**Exercise requirements**
All lines below between the line with "And if you see" and the line with "Hello everyone, welcome", including both, must be copied exactly, and the pictures must be omitted.

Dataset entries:
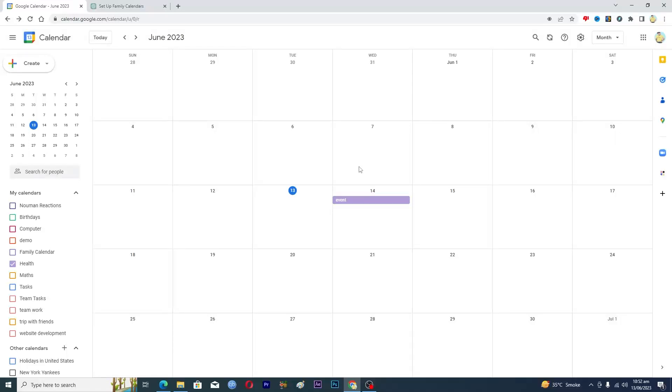Hello guys and welcome back to my channel. In this video I will tell you how to delete an event in Google Calendar. Before starting the video, make sure to like this video and subscribe to our YouTube channel for more tips and tricks like this one. So here you can see that I have this event.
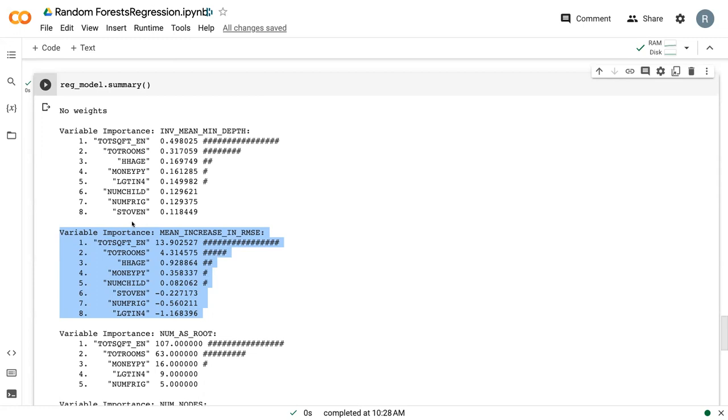And so we can see that the total square footage is the most important variable. When we shuffled it, it increased the root mean squared error by 13.9 cubic feet of natural gas, which we can see is quite significant.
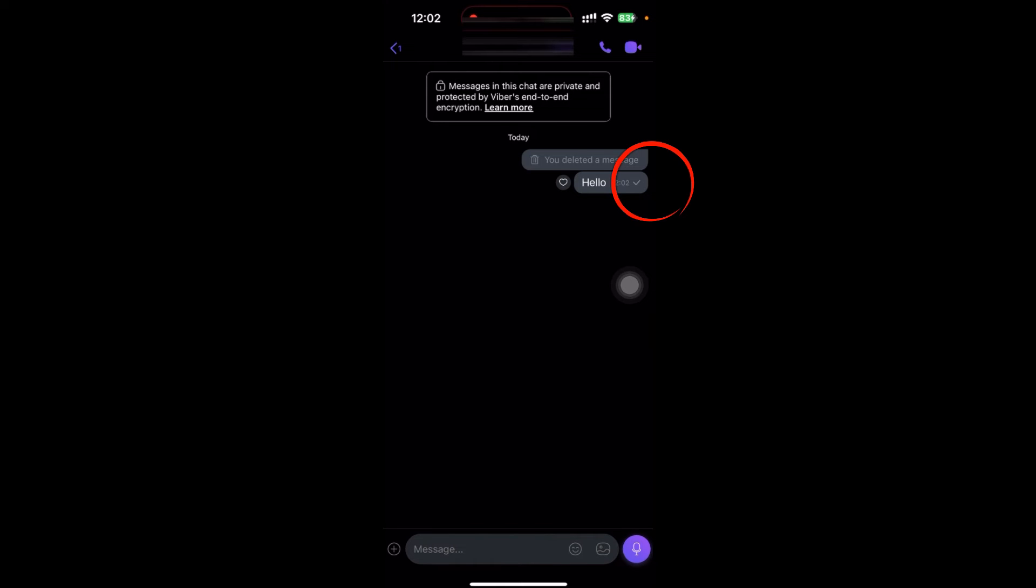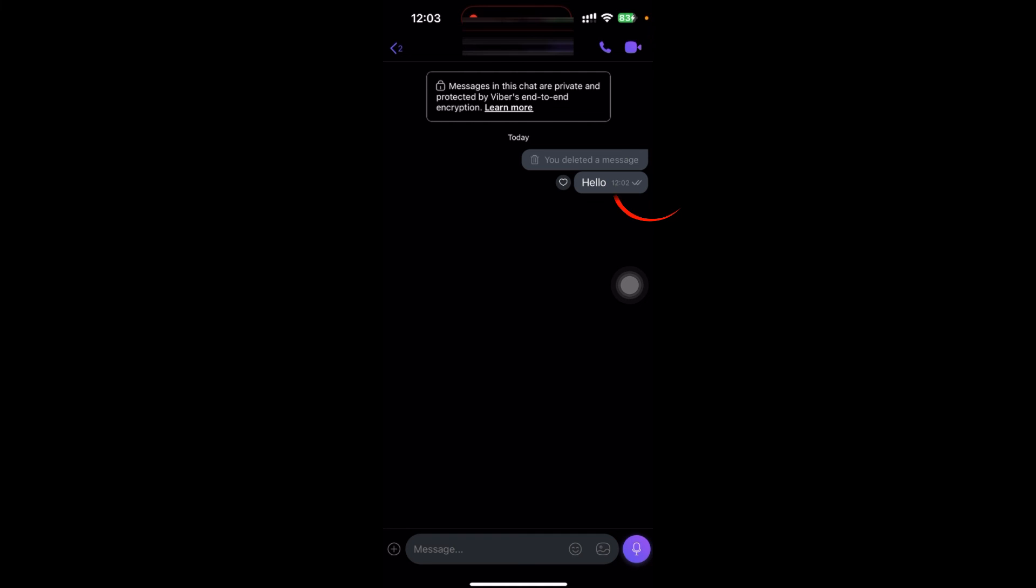And if you see the two tick mark in here, then that is delivered to the contact. So here the tick mark is two. So my message is delivered. But if you see here the purple sign with the two marks, then it's already seen by the contact. So this is how you know the contact seen your message.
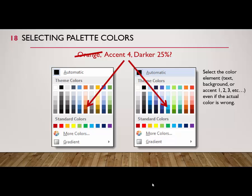In this case, in the color palette on the right, Accent 4 is blue, not orange. But SAM grades by the element, not the color. So you may save some headaches by ignoring the color and going with the element.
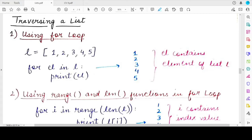Hello everyone, welcome back to my channel Mind Your Exam. In this video we will be studying about traversing a list using different kinds of loops — the for loop as well as the while loop. Starting with the for loop.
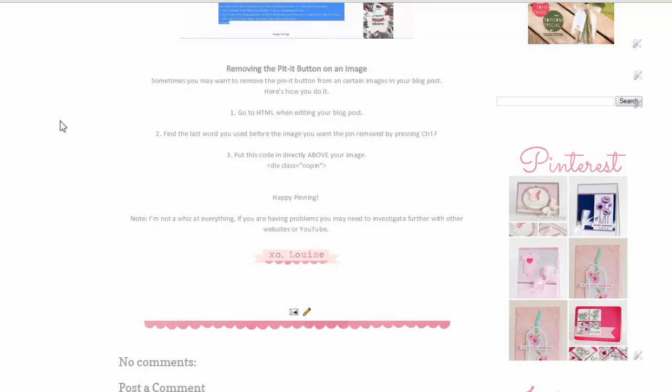Hi there! Just a quick video to show you how to remove the Pin It button from a certain image. As you can see, I've provided the code here on my blog.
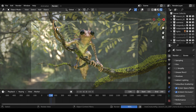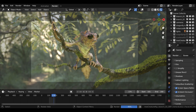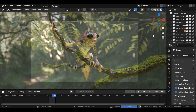Let's reduce the end value to something around 200, as we don't need to render the whole animation for the demonstration purpose. Let's hit Render Animation to start the rendering process. Now while the animation is being rendered, the scene in the viewport is also moving frame by frame.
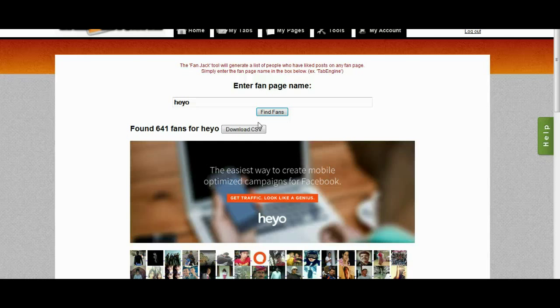Obviously that's just something right off the top of my head. But the point is I can customize my ad directly for Heyo's customers and offer them something that's intended to entice them, knowing that they're Heyo's customers.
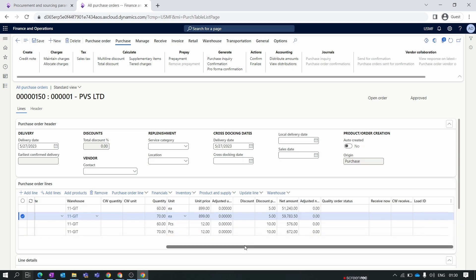I hope you understand the difference between the multi-line and line discount trade agreement. That is it for this video. In our next video we will talk about the total discount in D365 Finance and Operations.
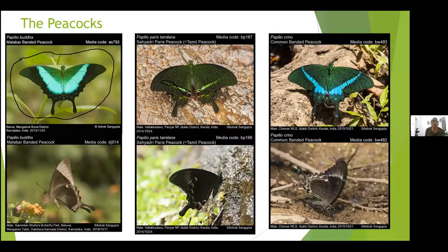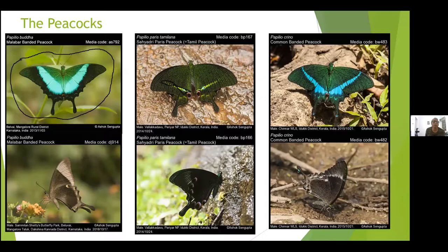The Common Banded Peacock almost looks like somewhere in between the Paris Peacock and the Malabar Banded Peacock — the bands are very prominent but narrow. It is seen very bluish here because of the angle of the sun rays, but sometimes it may become greenish because of the shades of the wings. The Paris Peacock has very prominent crowns in the hindwing, whereas the Common Banded Peacock crowns are not that elaborate. Two of them are found in evergreen forest and the third in dry and scrub forest.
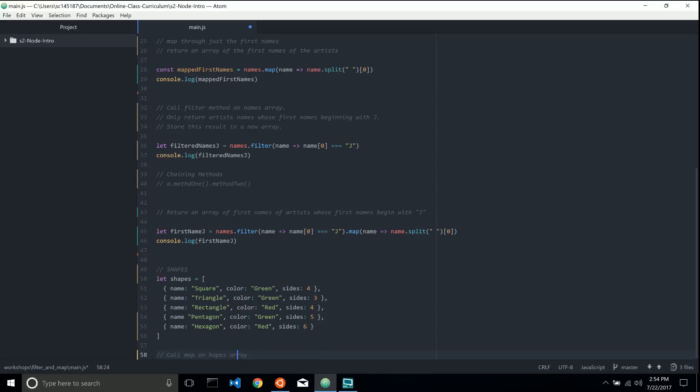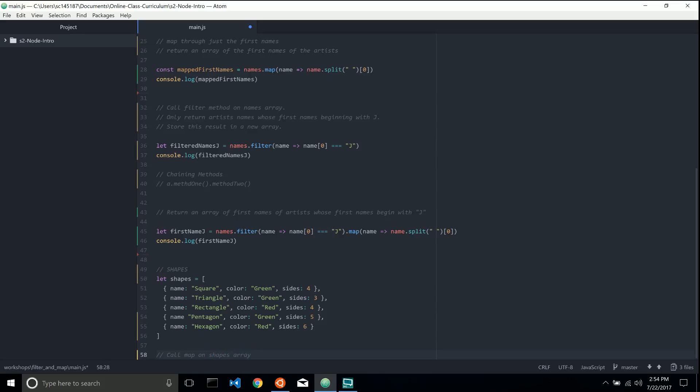And of course, the typos are with me. Alright, now that we've got that good to go,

**Written answer**
And if you see the two tick mark in here, then that is delivered to the contact. So here the tick mark is two. So my message is delivered. But if you see here the purple sign with the two marks, then it's already seen by the contact. So this is how you know the contact seen your message.
In this case, in the color palette on the right, Accent 4 is blue, not orange. But SAM grades by the element, not the color. So you may save some headaches by ignoring the color and going with the element.
Hello everyone, welcome back to my channel Mind Your Exam. In this video we will be studying about traversing a list using different kinds of loops — the for loop as well as the while loop. Starting with the for loop.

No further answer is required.